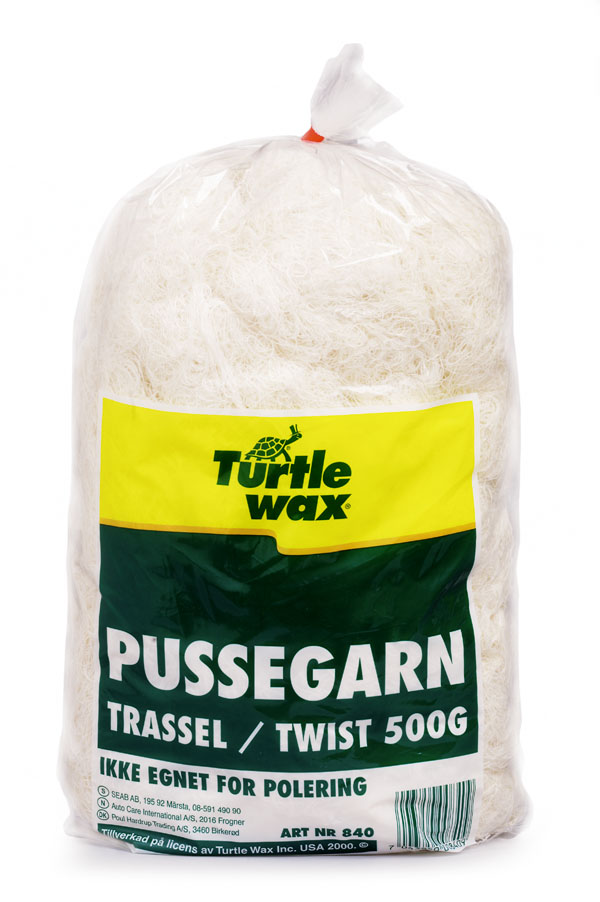 PUSSEGARN 500 GR TURTLE WAX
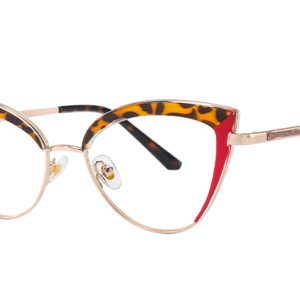 200821 Cateye Spring Hinge   Eyeglasses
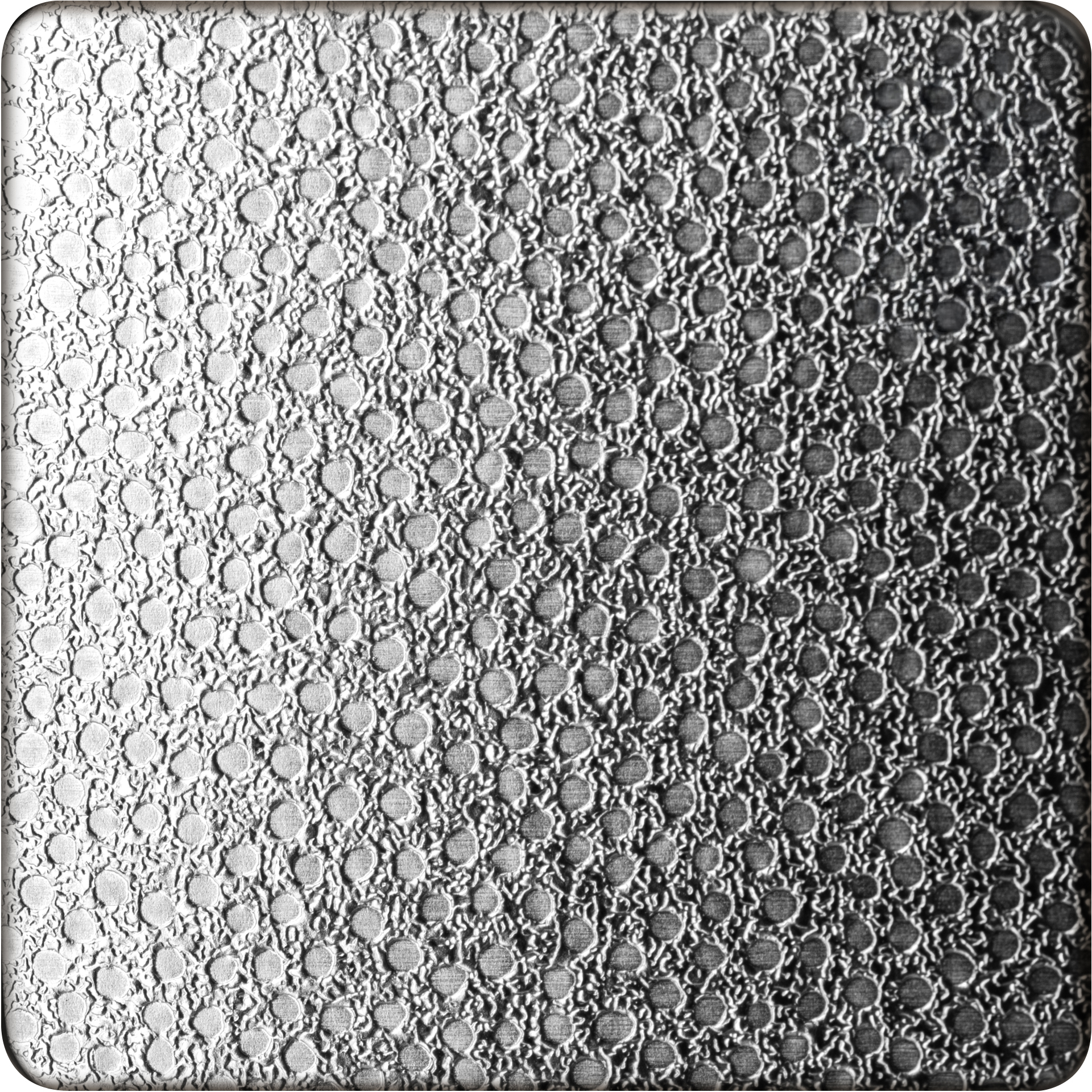 Декоративная нержавеющая сталь Textured Ostrich Pattern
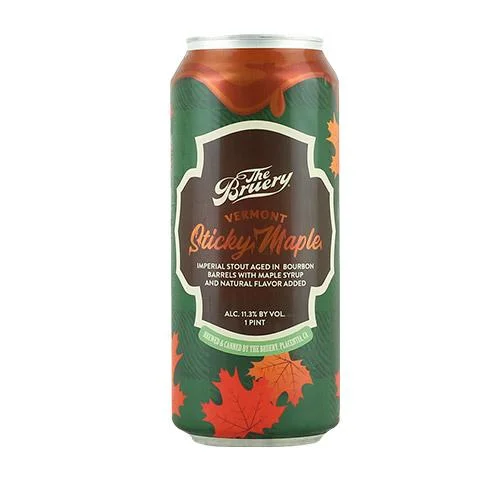 "Vermont Sticky Maple" by The Bruery  ★ ★ ★ 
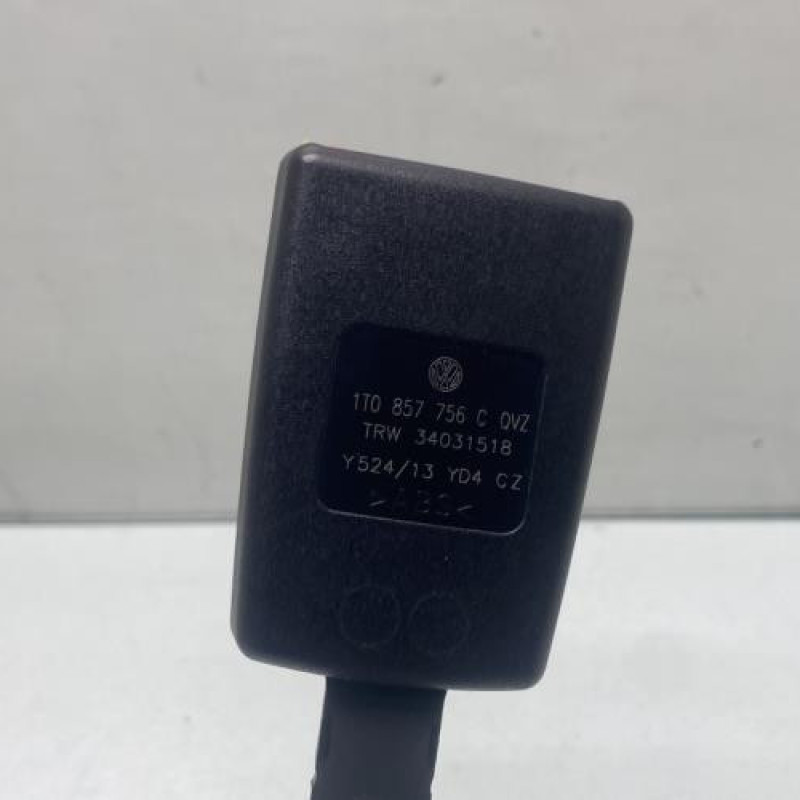 Attache ceinture avant droit VOLKSWAGEN TOURAN 2 Photo n°3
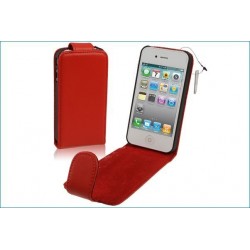 APPLE IPHONE 4 FUNDA PIEL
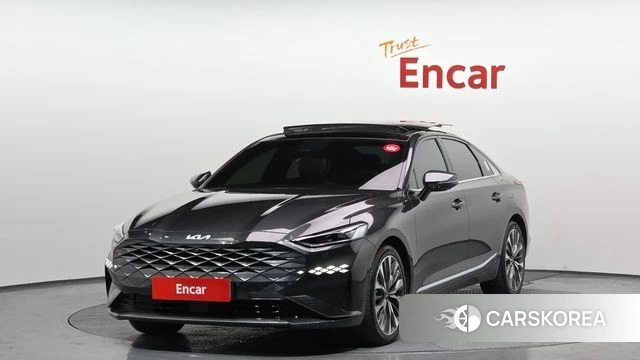 Kia K8 2021 Серый из Кореи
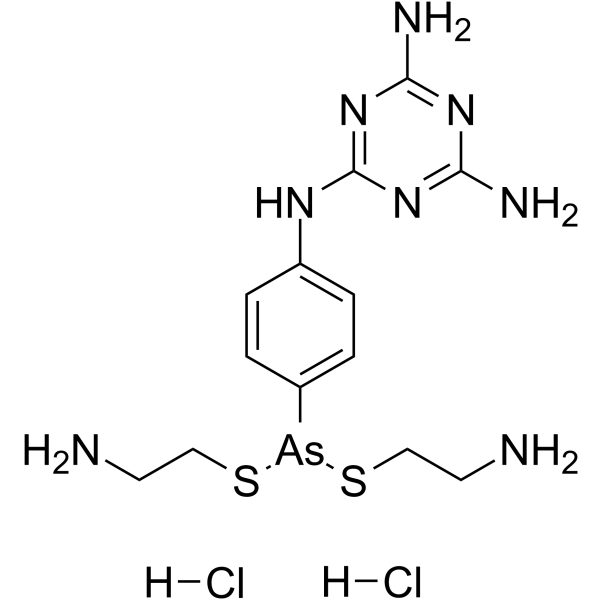 Melarsomine dihydrochloride 89141-50-4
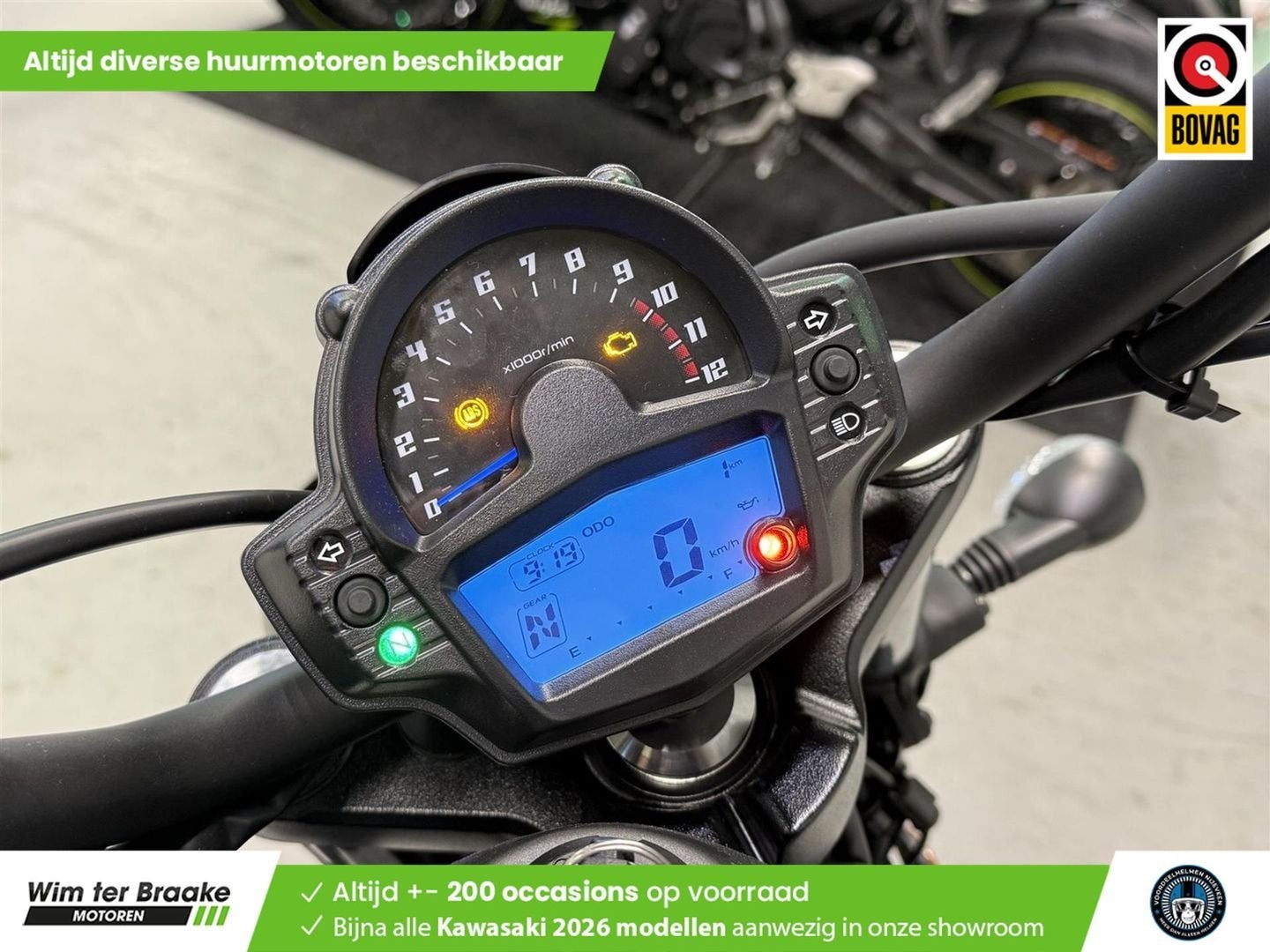 Kawasaki Vulcan S ABS - 2026, Bedrijf, Meer dan 35 kW, 649 cc, Chopper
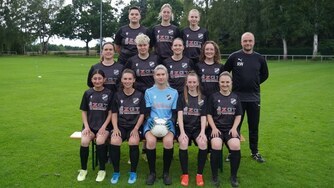 SV Hastenbeck II Fussball Bezirksliga Frauen Mannschaftsfoto 2023 24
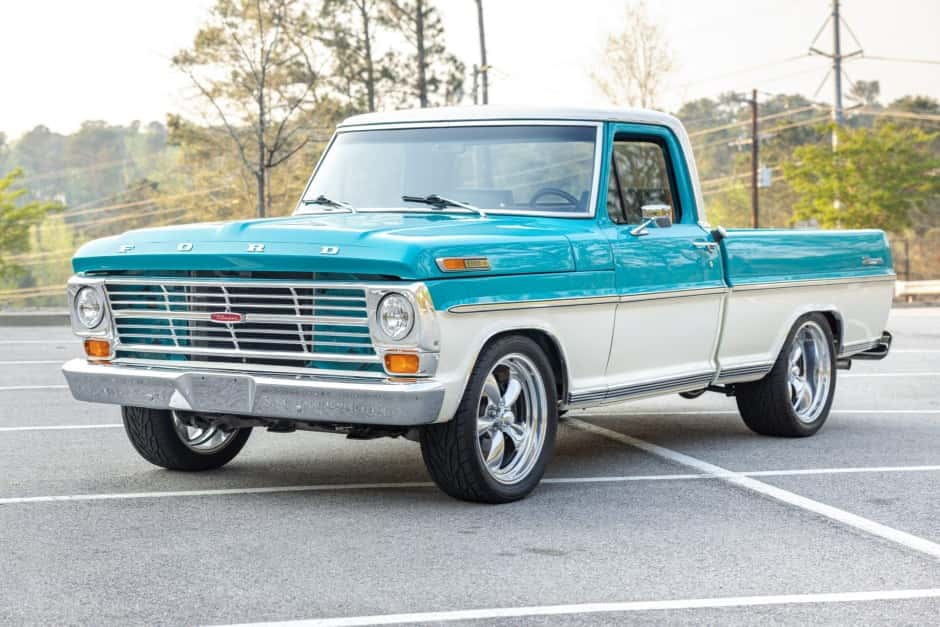 1969 Ford F-Series 1967-1972 sold for $68,000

==========

> [Exercise]:
What you return should be the full listing, unchanged, minus the pictures.

> [Solution]:
 PUSSEGARN 500 GR TURTLE WAX
 200821 Cateye Spring Hinge   Eyeglasses
 Декоративная нержавеющая сталь Textured Ostrich Pattern
 "Vermont Sticky Maple" by The Bruery  ★ ★ ★ 
 Attache ceinture avant droit VOLKSWAGEN TOURAN 2 Photo n°3
 APPLE IPHONE 4 FUNDA PIEL
 Kia K8 2021 Серый из Кореи
 Melarsomine dihydrochloride 89141-50-4
 Kawasaki Vulcan S ABS - 2026, Bedrijf, Meer dan 35 kW, 649 cc, Chopper
 SV Hastenbeck II Fussball Bezirksliga Frauen Mannschaftsfoto 2023 24
 1969 Ford F-Series 1967-1972 sold for $68,000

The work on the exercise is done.